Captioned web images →
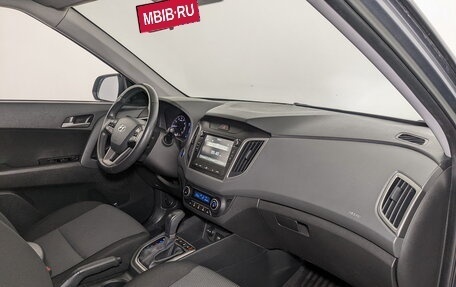 Hyundai Creta I рестайлинг, 2019 год, 1 850 000 рублей, 11 фотография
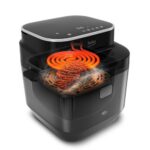 Air Fryer Frytkownica beztłuszczowa BEKO FRL 5474 B 7l z gotowaniem na parze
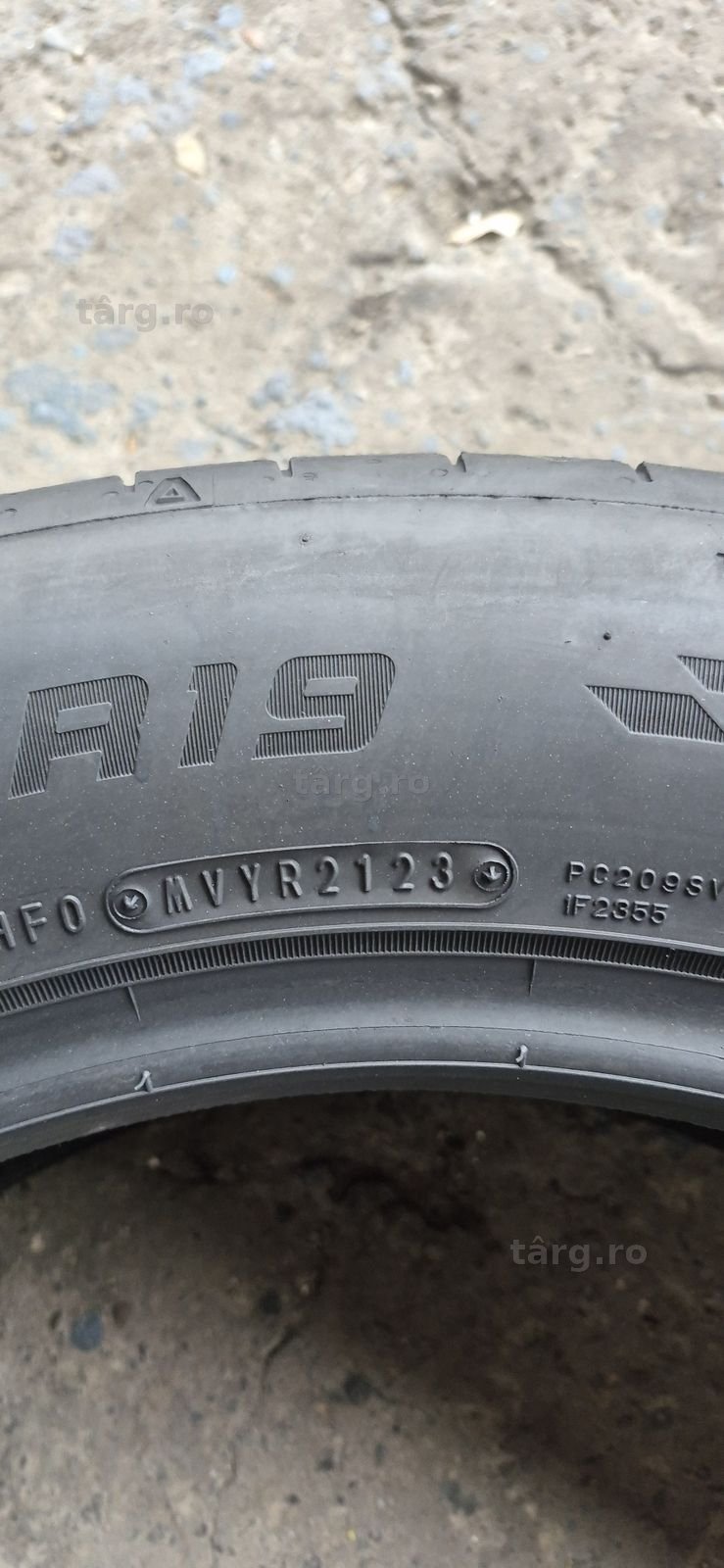 4 anvelope vara Falken 235/55/19,dot 2023.Pretul este pe bucata. 8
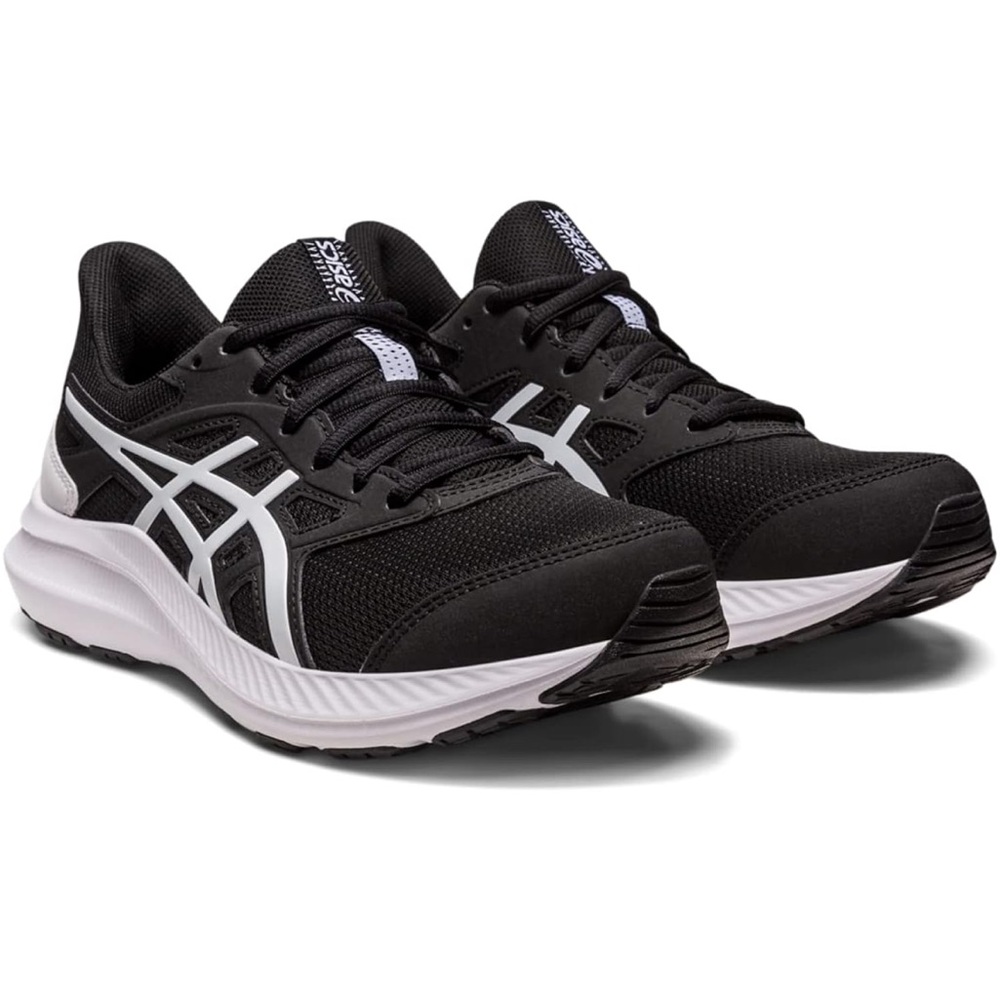 ASICS Jolt 4 Black Running Shoes 8.5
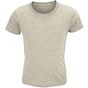 Image produit Crusader kids Camiseta infantil algodão 03580
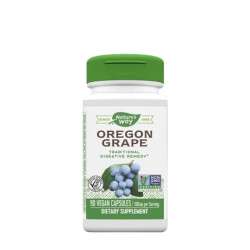 Nature's Way Oregon Grape 90 Capsules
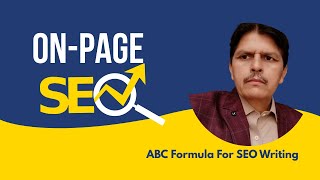 On Page SEO Writing Formula | Title Tags, Meta, Headings & Blog Optimization | Beginner Guide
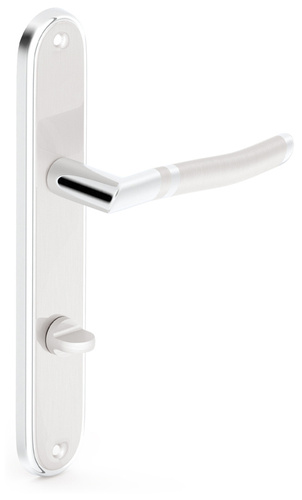 Klamka drzwiowa Metal-Bud PLEJADA 72 mm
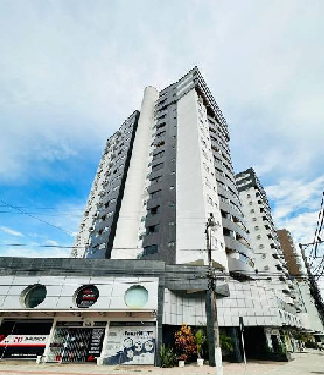 Imagem de fundo do condomínio Condomínio Torres de Prata B - Centro - Criciúma - SC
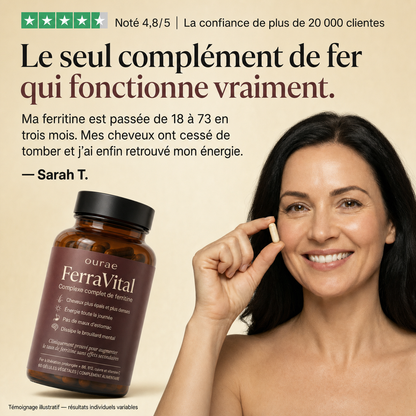 Complexe Ferritine Éclat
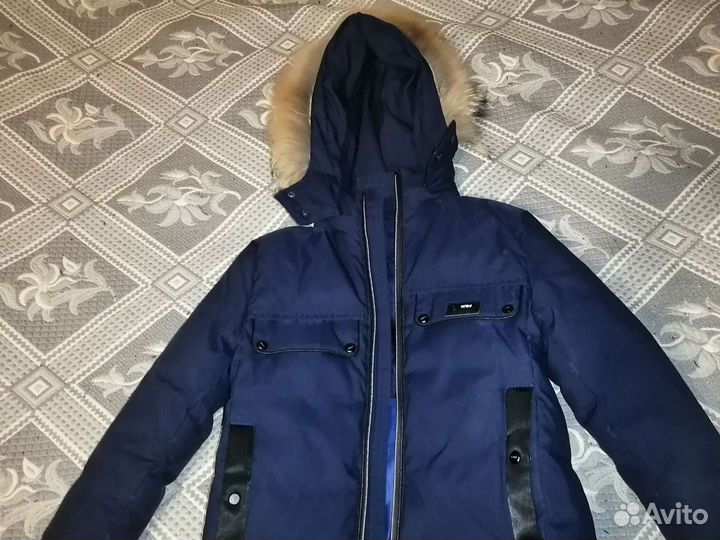 Куртка-парка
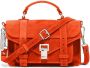 Proenza Schouler PS1 Tiny boekentas Rood - Thumbnail 1
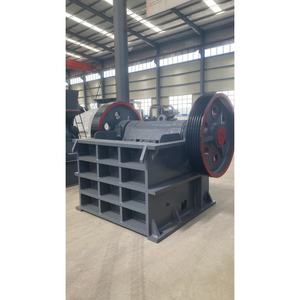 Mobiele kaakbreker <span class=keywords><strong>PE</strong></span>-500*750 met AC-motor, mini kleine steenbreker prijs - Product Image 6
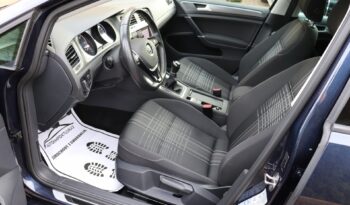VW Golf 2,0 TDI BMT Lounge full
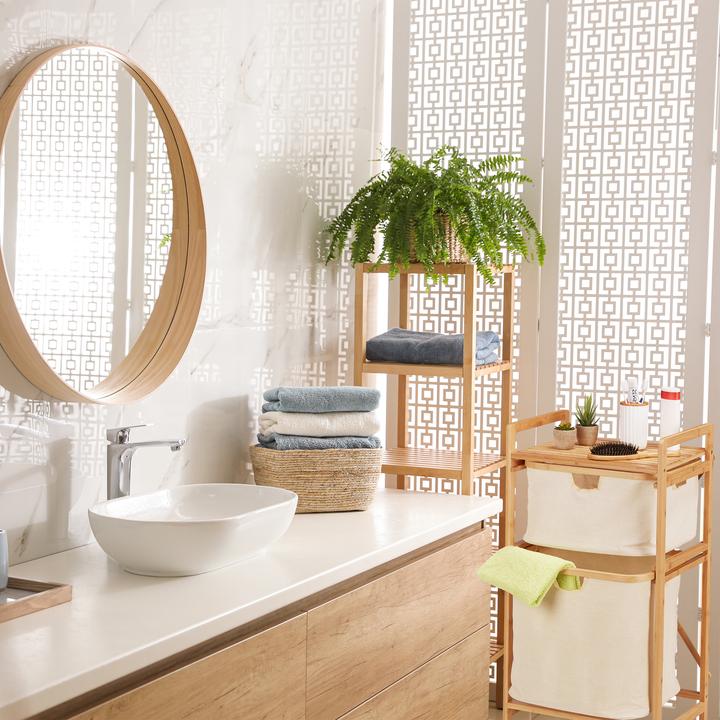 Actual product image Relaxdays Laundry basket (123 l)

What to do →
Retype all records exactly as shown above, images excluded.

Final answer →
 Hyundai Creta I рестайлинг, 2019 год, 1 850 000 рублей, 11 фотография
 Air Fryer Frytkownica beztłuszczowa BEKO FRL 5474 B 7l z gotowaniem na parze
 4 anvelope vara Falken 235/55/19,dot 2023.Pretul este pe bucata. 8
 ASICS Jolt 4 Black Running Shoes 8.5
 Image produit Crusader kids Camiseta infantil algodão 03580
 Nature's Way Oregon Grape 90 Capsules
 On Page SEO Writing Formula | Title Tags, Meta, Headings & Blog Optimization | Beginner Guide
 Klamka drzwiowa Metal-Bud PLEJADA 72 mm
 Imagem de fundo do condomínio Condomínio Torres de Prata B - Centro - Criciúma - SC
 Complexe Ferritine Éclat
 Куртка-парка
 Proenza Schouler PS1 Tiny boekentas Rood - Thumbnail 1
 Mobiele kaakbreker <span class=keywords><strong>PE</strong></span>-500*750 met AC-motor, mini kleine steenbreker prijs - Product Image 6
VW Golf 2,0 TDI BMT Lounge full
 Actual product image Relaxdays Laundry basket (123 l)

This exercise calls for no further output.